The Portuguese Diamond is a 127.01-carat diamond on permanent display at the Smithsonian Institute in Washington, D.C. and is known as the world’s largest stone. Legend has it that the famous diamond was mined in Brazil sometime during the 18th century and was later added to the Portuguese Crown Jewels. However, there is no evidence that could prove this tale to be true. It is more likely that the stone was found at the Premier Mine in Kimberley, South Africa, at the beginning of the 20th century and was then passed from buyer to buyer.
The first real documented owner is Ms. Peggy Hopkins Joyce, an actress who purchased the diamond from Black, Starr, and Frost in 1928. The actress had the diamond mounted on a diamond-studded platinum choker. The jewelry firm Black, Starr, and Frost had obtained the jewel shortly after its discovery in 1910. Legendary jeweler Harry Winston acquired the diamond from Ms. Peggy Hopkins Joyce, who was a glamor girl at the time. She bought it in exchange for a pearl necklace worth a reported $350,000 and an additional $23,000 for the choker. The large stone became part of Winston’s “Court of Jewels” exhibition and traveled around for the next few years. Mr. Winston sold the diamond and later reacquired it. The Portuguese Diamond came into the Smithsonian’s hands in 1963 when Harry Winston exchanged it for 2,400 carats worth of smaller diamonds.
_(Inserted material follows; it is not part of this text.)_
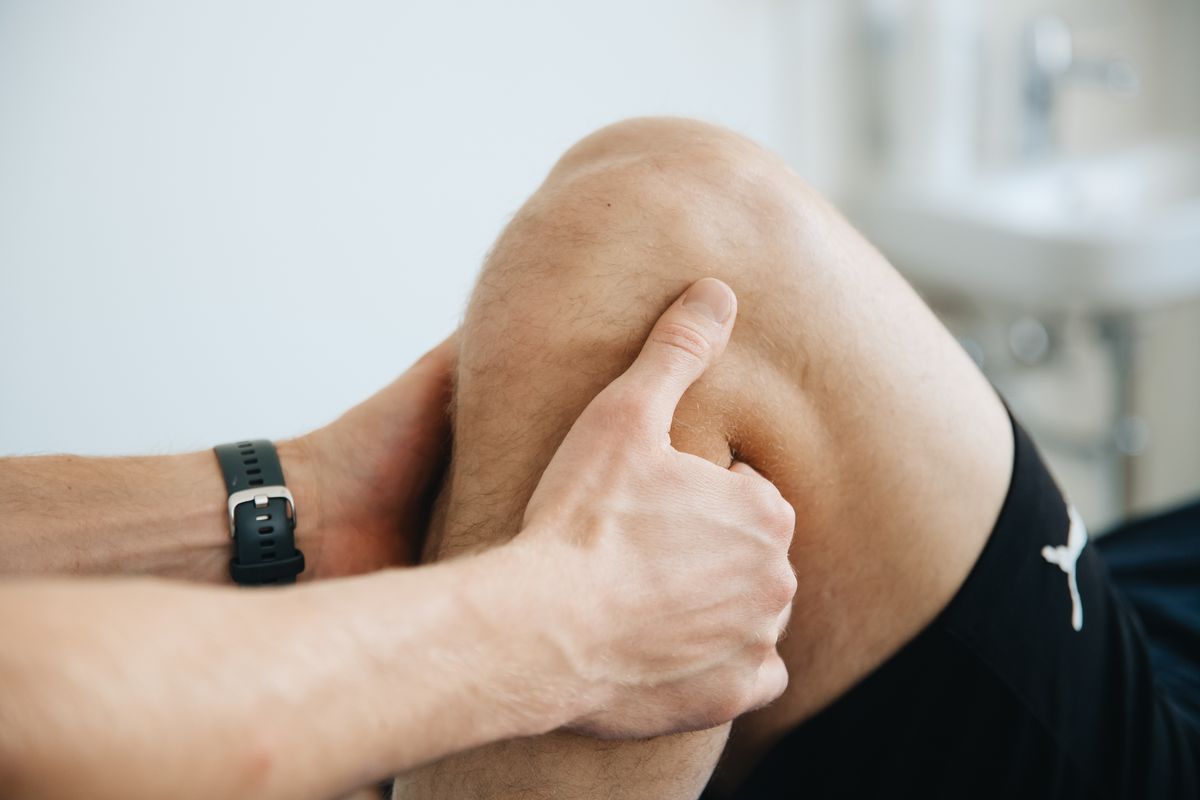 Close-up of hands assessing a bent knee.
As the largest faceted diamond in the National Gem Collection, The Portuguese Diamond glows bright blue under ultraviolet light. This phenomenon is known as fluorescence. The Portuguese Diamond displays a very strong blue fluorescence. Although the stone appears to exude cloudiness it is in fact the blue fluorescence, which is so significant that it is visible during the day or in incandescent light. Once thought to be the largest blue diamond in the world, the Portuguese Diamond would appear slightly similar to a yellow diamond if it weren’t for the fluorescence. The Gemological Institute of America (GIA) graded the Portuguese Diamond as M in color and VS-1 in clarity. This puts the clarity at almost flawless, which somewhat accounts for the diamond’s fame. Another contributor for the gem’s status is its unusual octagonal emerald cut.
Though there are many tales regarding the history of the Portuguese Diamond and how it got its name, there is one thing that cannot be disputed; it is one of the most glorious artifacts on this planet. The diamond may not have been part of the Portuguese Crown Jewels, but the exotic title stuck and it will forever be known and remembered as the extraordinary Portuguese Diamond.